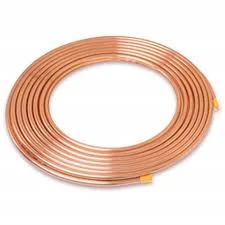Copper pipe 1/2" x 15m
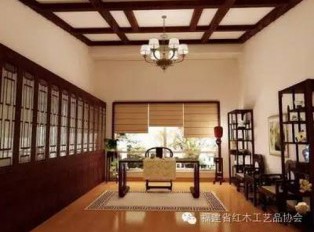 2017年下半年红木家具市场会出现哪些变化趋势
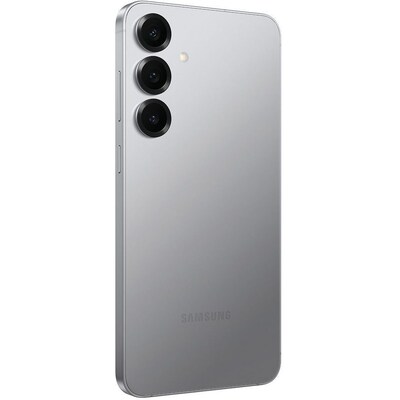 Samsung Galaxy S25+ 5G Smartphone Unlocked Cell Phone, 512 GB, Silver Shadow (SM-S936UZSEXAA)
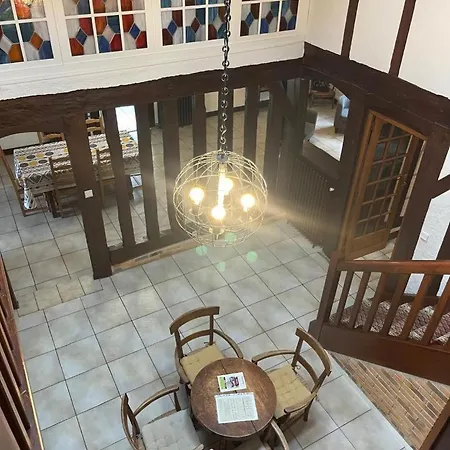 Vakantiehuis Les Grandes Bruyeres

=== Requirement ===
The answer must be the lines above from the line that contains "Samsung Galaxy S25+" to the final line of the data, word for word, with no pictures.

=== Expected answer ===
 Samsung Galaxy S25+ 5G Smartphone Unlocked Cell Phone, 512 GB, Silver Shadow (SM-S936UZSEXAA)
 Vakantiehuis Les Grandes Bruyeres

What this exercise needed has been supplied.